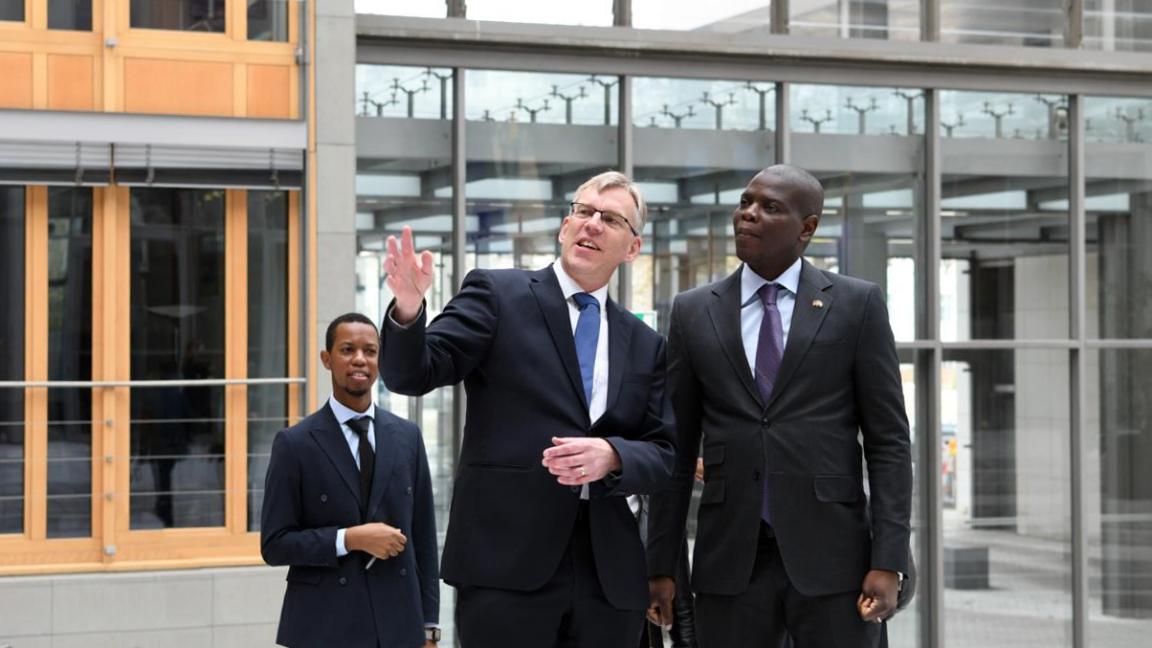 Drei Männer in Anzügen stehen in einem modernen Gebäude, während der Mann in der Mitte mit erhobener Hand gestikulierend nach oben zeigt.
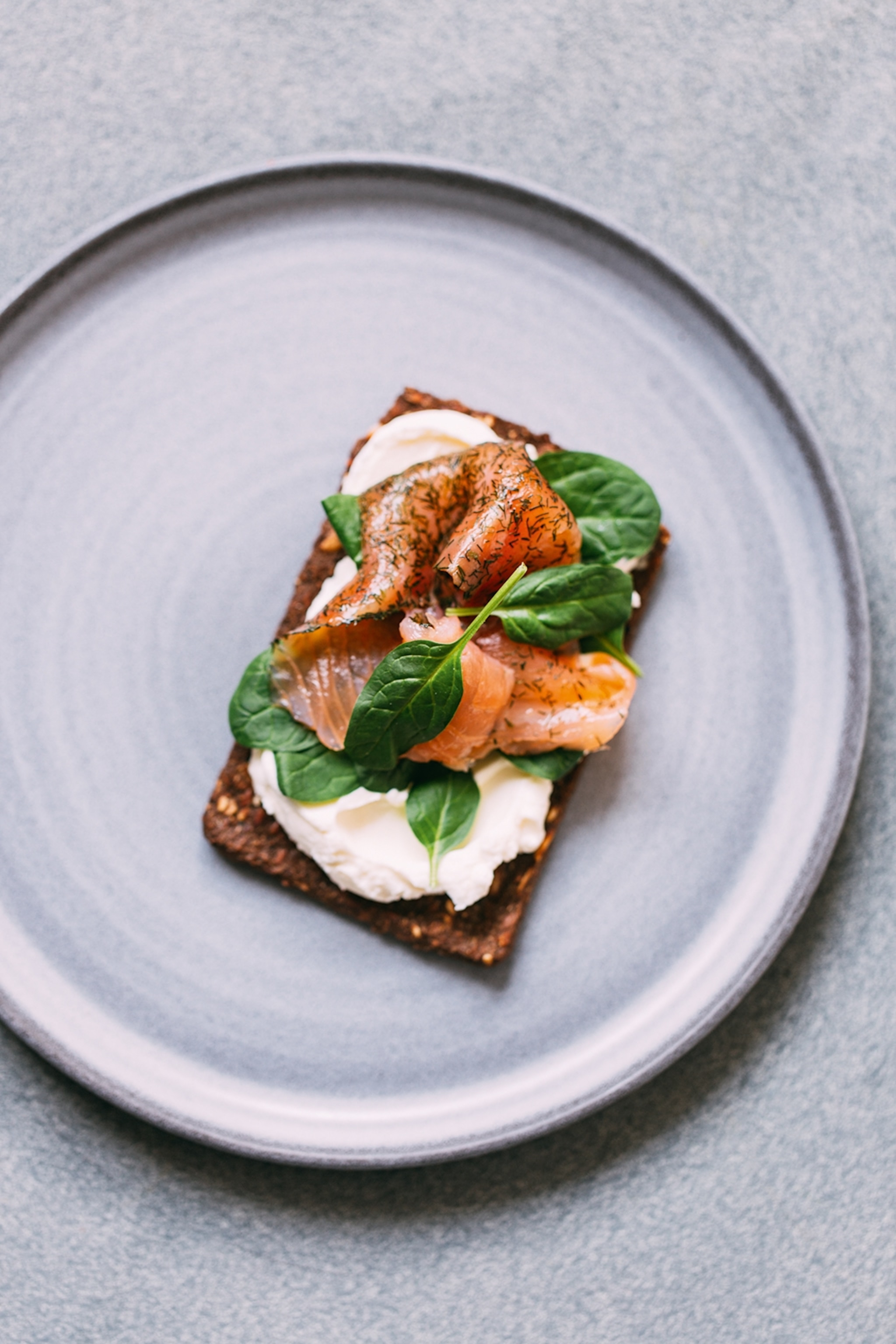 Piece of rye bread on a plate with cream cheese, spinach and salmon on top
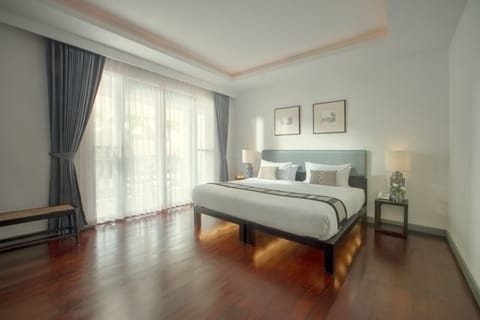 Deluxe Pool View Double Room | Free minibar items, in-room safe, blackout drapes, soundproofing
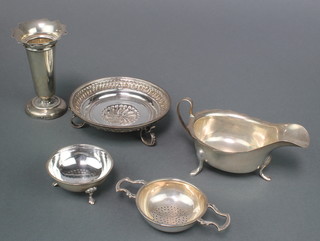 A silver sauce boat with cut rim on pad feet Sheffield 1964, a repousse bowl and a tea strainer on stand together with a spill vase 100 grams 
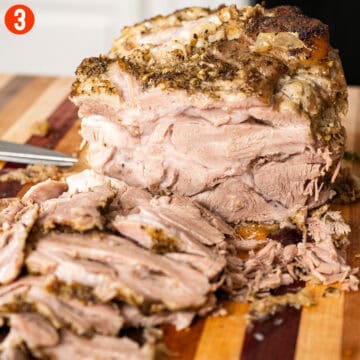 Sliced pork shoulder on a cutting board.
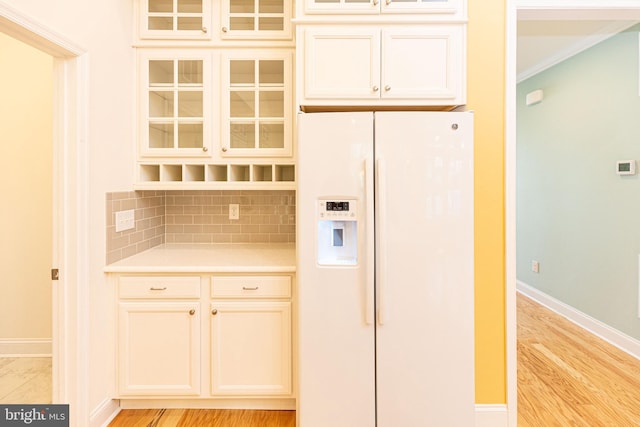 kitchen with white refrigerator with ice dispenser, backsplash, light hardwood / wood-style flooring, and crown molding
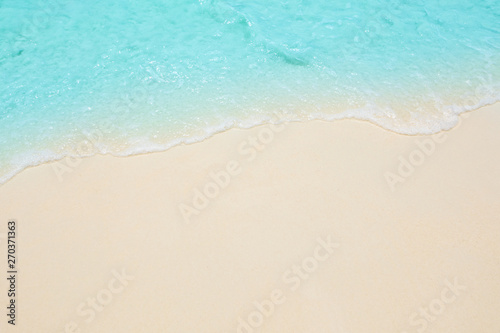 Soft waves of blue sea on the Maldives beach for the background.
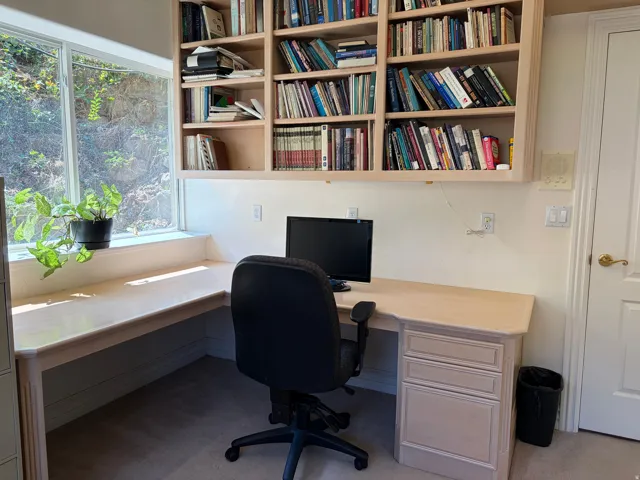 Built-in L-shaped desk with integrated drawer storage, large window, and custom overhead shelving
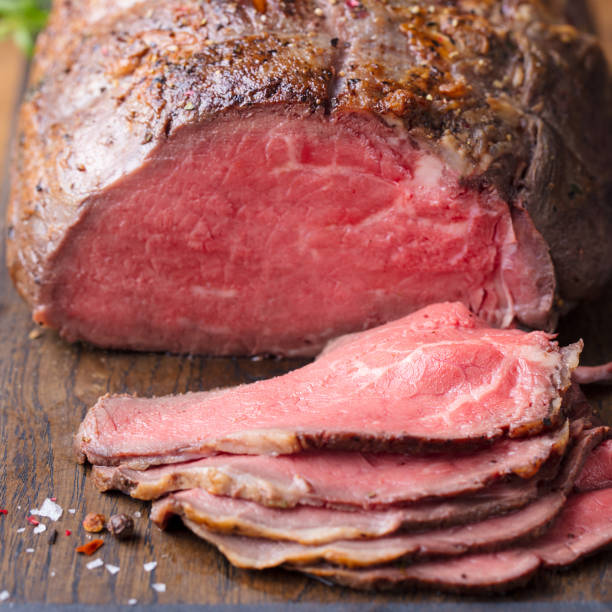 istock Roast beef on cutting board. Wooden background. Close up. 1173919257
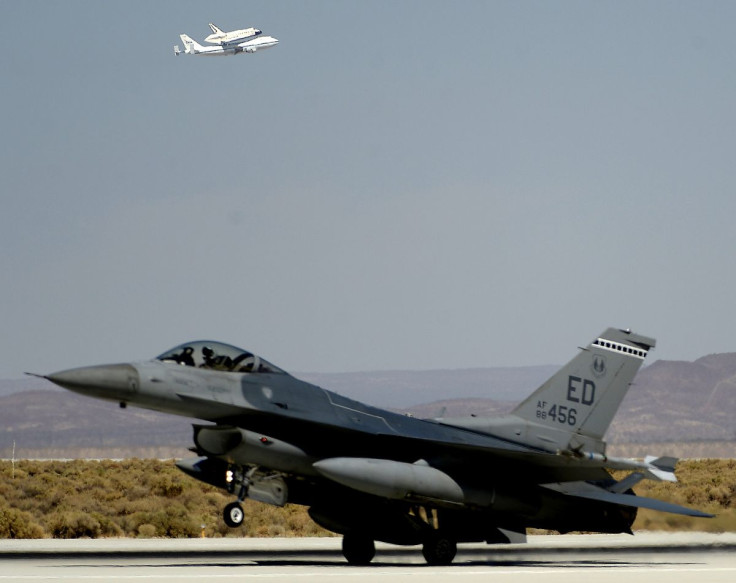 An F-16 fighter jet is seen in the foreground as the space shuttle Endeavour makes a flyby before landing at Edwards Air Force Base in California, September 20, 2012.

## [Exercise instructions]
If a line falls between the one containing "Deluxe Pool View" and the last line of the records above, inclusive, restate it exactly; leave out the pictures and everything else.

## [Completed task]
 Deluxe Pool View Double Room | Free minibar items, in-room safe, blackout drapes, soundproofing
 A silver sauce boat with cut rim on pad feet Sheffield 1964, a repousse bowl and a tea strainer on stand together with a spill vase 100 grams 
 Sliced pork shoulder on a cutting board.
 kitchen with white refrigerator with ice dispenser, backsplash, light hardwood / wood-style flooring, and crown molding
 Soft waves of blue sea on the Maldives beach for the background.
 Built-in L-shaped desk with integrated drawer storage, large window, and custom overhead shelving
 istock Roast beef on cutting board. Wooden background. Close up. 1173919257
 An F-16 fighter jet is seen in the foreground as the space shuttle Endeavour makes a flyby before landing at Edwards Air Force Base in California, September 20, 2012.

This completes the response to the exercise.